What makes Apache Spark + Delta Tables Nifty?

Linux Foundation Delta Tables is an open-source format used to store tables and their underlying data files in a data lake. It can be thought of as parquet files on steroids considering they are based on the parquet file format and extend its functionality to allow for features like ACID transactional guarantees, time travel, etc.

In this blog I would like to discuss a handful of features that delta tables provide that felt pretty amazing to me. This is not an exhaustive list, just the ones that I found really handy.

Time Travelling

This is a feature of delta tables that allows us to sneak a peek at the state of your tables, query and retrieve data as well as do point-in-time restores/recovery of your data, at any point in time, within the last 30 days, by default. This makes reverting changes in your tables, such as accidental deletes, a matter of just querying the data from the right version or point in time in the table’s life.

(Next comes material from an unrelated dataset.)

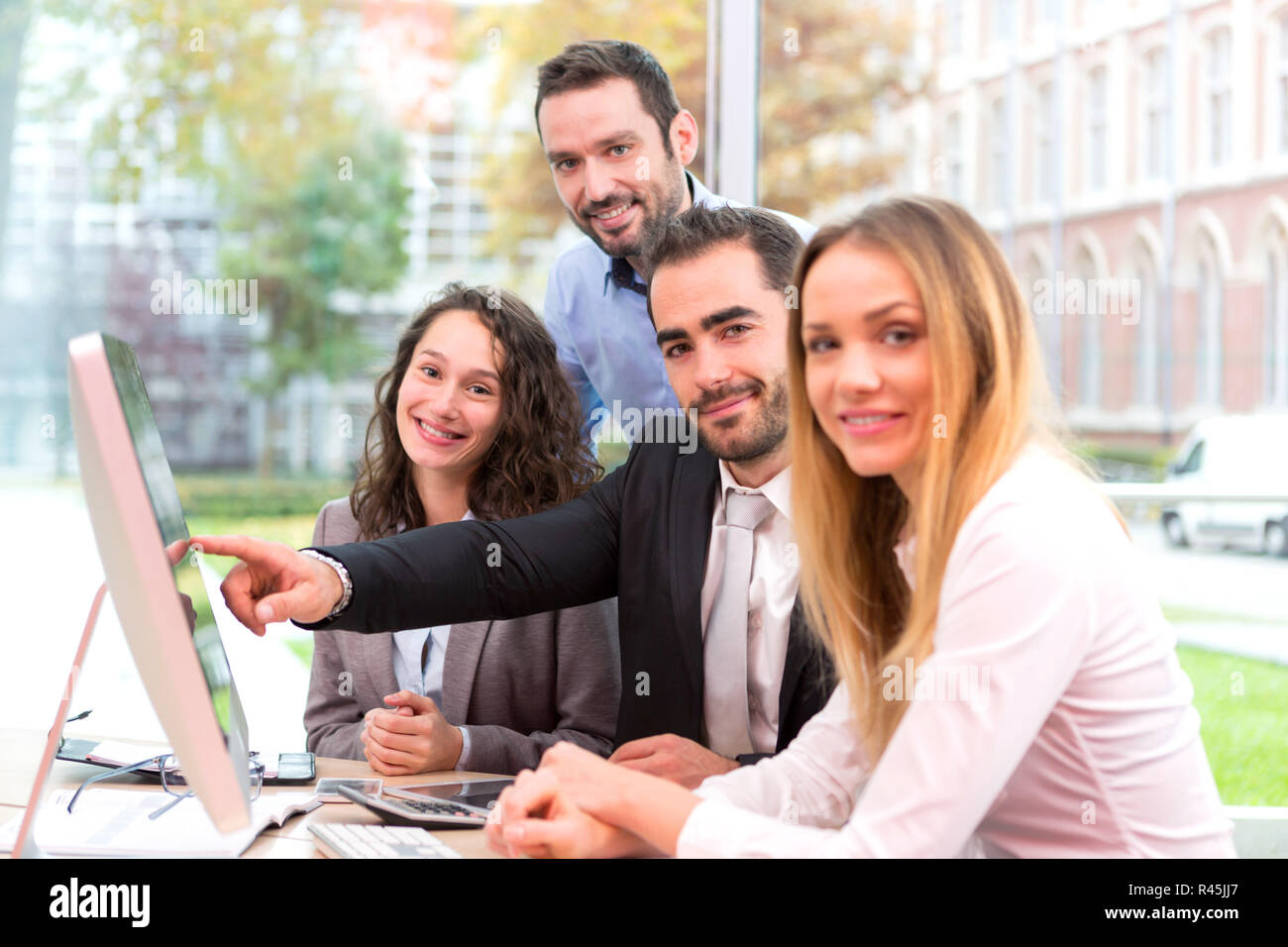Group of business people working together at the office Stock Photo - Alamy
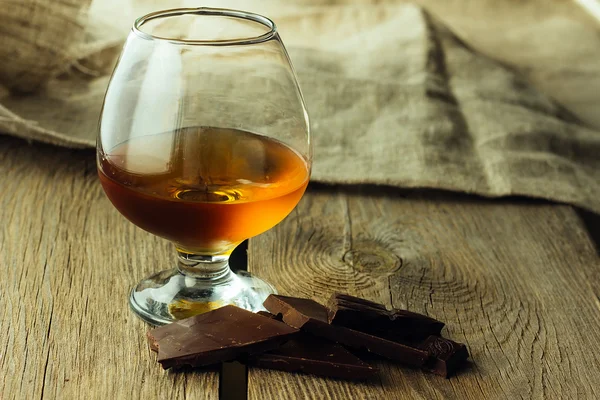 Cognac glas en chocolade Stockfoto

How is this possible, you ask? Whenever you create a table with the delta format, it also creates a _delta_logs directory within the table’s root directory.

Here logs of all transactions done towards a delta table including data inserts, updates, and deletes are recorded. The following query allows us to see the transactional history of our table:

describe history table-name

In this case, you can see I have recently deleted a record from my table. This change is denoted by the DELETE operation which created version 5 of the table. I can always query to see how the table looked like in version 4 using the following query:

select * from <table-name>@v4

If however, your objective is to see how the table was at a given point in time, you could do that as well. The following query illustrates restoring the table to how it was as of 2024-10-13T08:02:23.000+00:00

create or replace table <table-name>_restored as (
    select * from <table-name> timestamp as of
    '2024-10-13T08:02:23.000+00:00'
  )

Data Skipping

This is a feature of delta tables that works under the hood. It allows skipping some of the files that collectively form the delta table when the data in them aren’t relevant to the query at hand. This helps prevent unnecessary file reads thus increasing performance as well as reducing compute and storage costs.

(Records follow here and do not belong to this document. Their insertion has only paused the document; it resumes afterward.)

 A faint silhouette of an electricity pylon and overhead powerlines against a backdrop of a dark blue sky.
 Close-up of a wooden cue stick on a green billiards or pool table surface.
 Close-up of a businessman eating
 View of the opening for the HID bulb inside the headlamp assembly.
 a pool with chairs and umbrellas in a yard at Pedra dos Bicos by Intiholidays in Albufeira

It entails the delta transaction logs maintaining statistical data about up to the first 32 columns of a delta table on a per-file basis. This works best with numerical columns and is pretty unhelpful when it comes to string columns of high cardinality. The statistical information being stored includes, but is not limited to, the count, min, and max of each of the 32 columns. It should however be understood that if one among these 32 columns is of type JSON, each property of the JSON object will be counted against the limit of 32. Therefore if the second column in your table is JSON with 31 properties, then statistics will only be calculated for the first 2 columns.

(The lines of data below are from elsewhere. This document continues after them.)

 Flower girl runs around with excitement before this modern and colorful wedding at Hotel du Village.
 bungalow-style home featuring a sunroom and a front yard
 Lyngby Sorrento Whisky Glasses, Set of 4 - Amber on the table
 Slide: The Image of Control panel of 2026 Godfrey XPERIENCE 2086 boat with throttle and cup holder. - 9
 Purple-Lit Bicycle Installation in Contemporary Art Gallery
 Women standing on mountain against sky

Thus when the following query is issued against a table where the 3rd column, let’s call it ratings, is of type integer with values ranging from 1 to 10 and if, hypothetically, among the 5 parquet files that make up the delta table under the hood, only the last two has records with a value greater than 5, only the last 2 files will be read to get the result:

select * from <table-name> where ratings = 7

This is because the statistical information from the first 3 files as stored by the delta logs will inform spark that the min and max values for the column ratings is within a range that is not applicable to the where clause of the query in question thus rendering them irrelevant to the result.

Change Data Feed (CDF)

This is a feature of delta tables that can optionally be enabled on individual tables or set as default for all the new tables that will be created. Once enabled an _change_data directory is created under the table’s root directory which stores the information about the MERGE, UPDATE, and DELETE operations, which constitutes a change in the table’s data. The _change_data directory along with the delta transaction logs are used to compute the CDF. This can be used to create a replayable stream of changes, to the data in a table, from any given version available within the data retention policy, which is 7 days by default.

CDF can be enabled using the following command during table creation

create table <table-name> (
    column1 type, column2 type .... column type
  ) tblproperties (
    delta.enableChangeDataFeed = true
  )

Or on existing tables by using

alter table <table-name>
    set tblproperties (
    delta.enableChangeDataFeed = true
  )

With CDF enabled, the way we propagate changes to downstream tables could be changed to only affect the records that are in question thus reducing costs as well as simplifying the implementation. The option readChangeFeed can be set to True while reading the table either as a batch or as a stream to be able to consume the change feed. Optionally you can also use the startingVersion or startingTimestamp properties to specify the starting point from where you would like the change feed to be read.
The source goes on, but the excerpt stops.